What is required: The answer consists solely of the lines running from the one with "Weingut Karsten Peter_0425-3" through the final line below, transcribed exactly and without any pictures.

Pictures with short captions:
┏━━
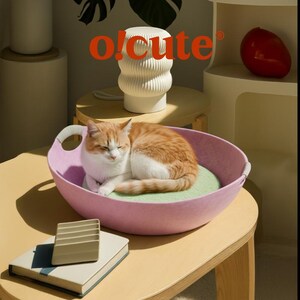 May include: A sleeping orange and white cat rests in a pink cat bed with a light green cushion. The bed has two handles. The word "o!cute" is printed in orange. A small, beige organizer sits on a closed book.
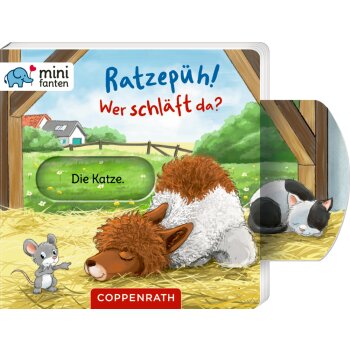 Coppenrath - minifanten 41: Ratzepüh! Wer...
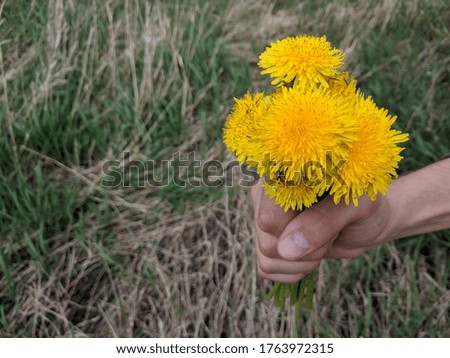 A bouquet of dandelions in the hand of a young man. Part of the image is blurred.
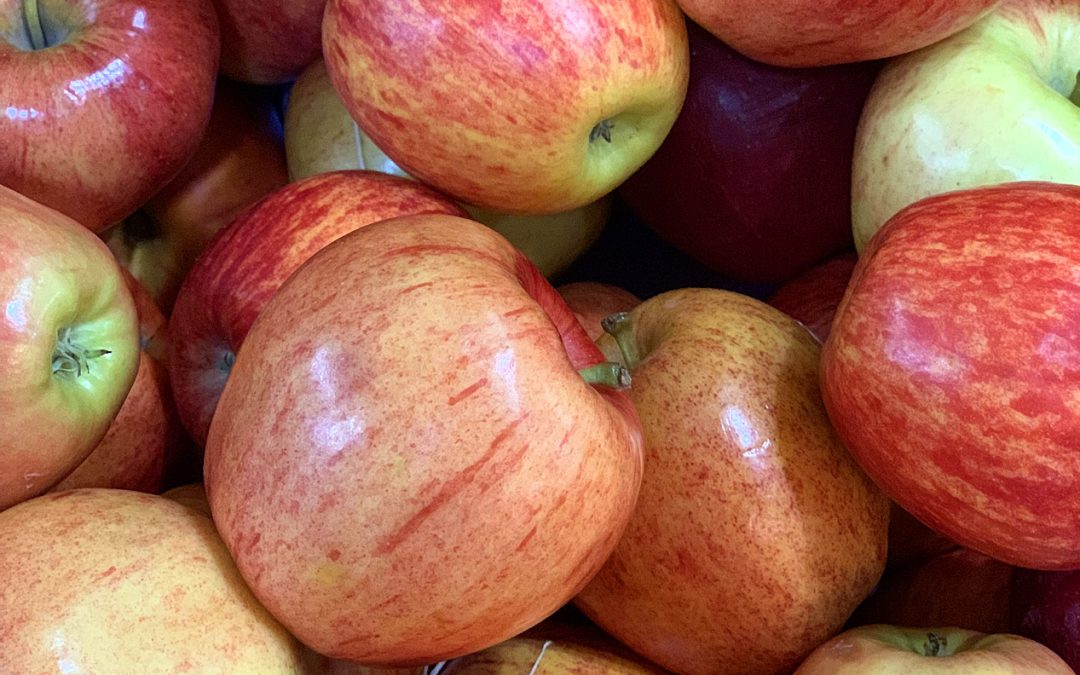Fall Bounty – From The Farmers Market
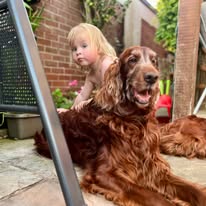 Gallery 518283727 1436282454344573 8616083065177912091 n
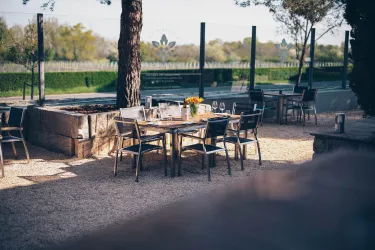 Weingut Karsten Peter_0425-3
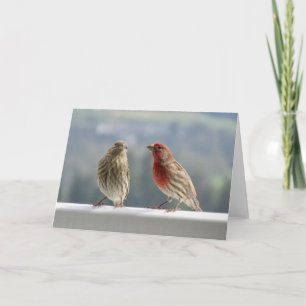 Zwei Finches flirten. Karte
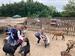 IMG-20240530-WA0011.jpg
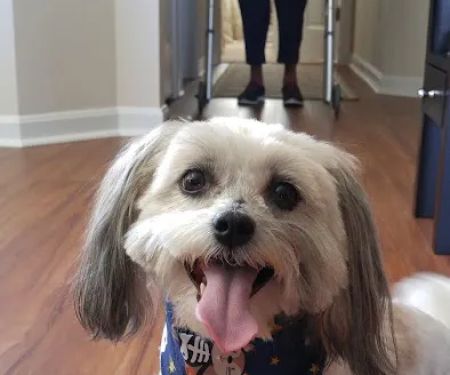 Lewis Animal Hospital - Ridge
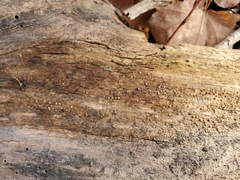 Helicogloea compressa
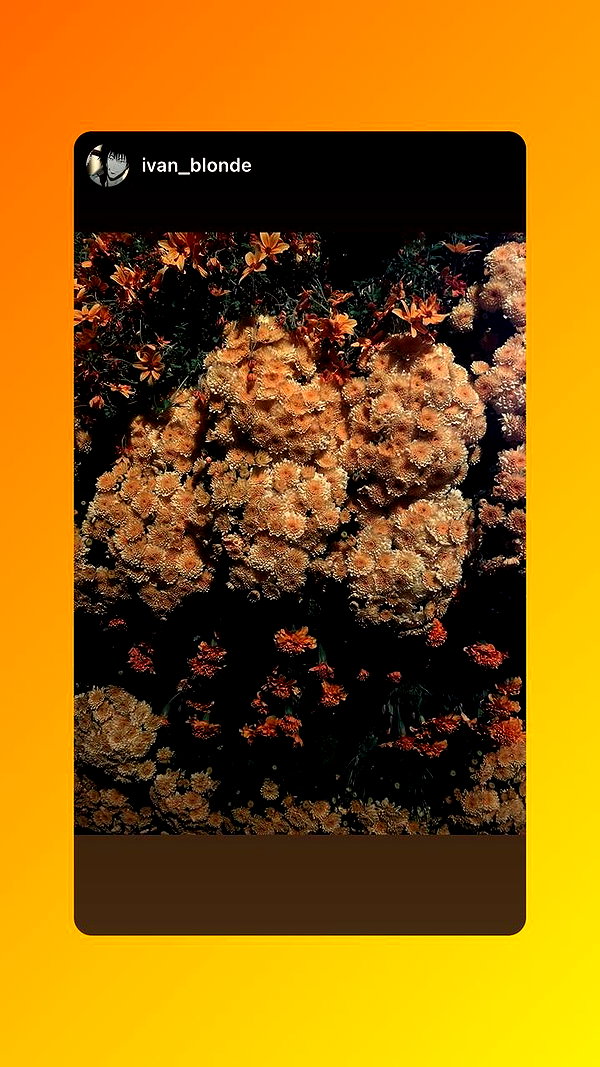 toharb_ instagram image archive image
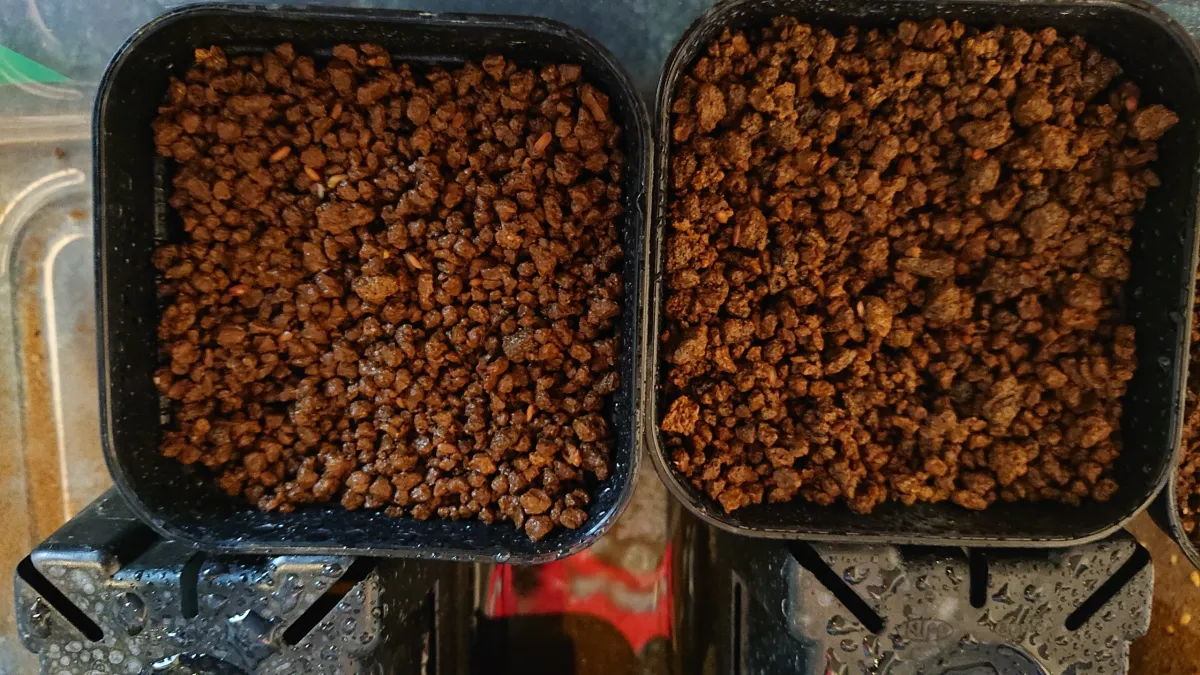 【Monitor】Pachypodium brevicaule ssp. brevicaule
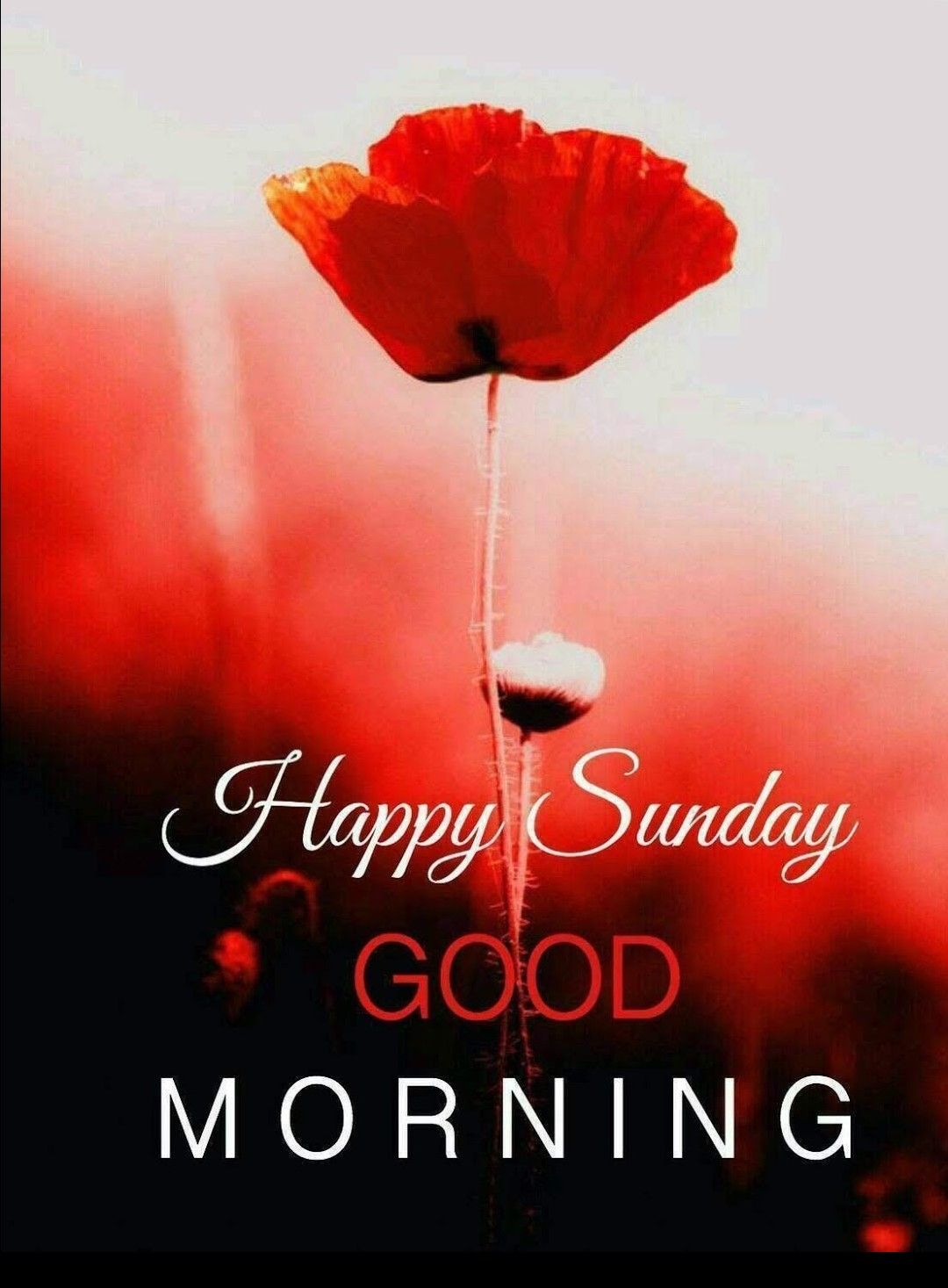 Good Morning Happy Sunday Greetings  Happy sunday morning Happy sunday  images Good morning happy sunday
┗━━
Result for this task:
 Weingut Karsten Peter_0425-3
 Zwei Finches flirten. Karte
 IMG-20240530-WA0011.jpg
 Lewis Animal Hospital - Ridge
 Helicogloea compressa
 toharb_ instagram image archive image
 【Monitor】Pachypodium brevicaule ssp. brevicaule
 Good Morning Happy Sunday Greetings  Happy sunday morning Happy sunday  images Good morning happy sunday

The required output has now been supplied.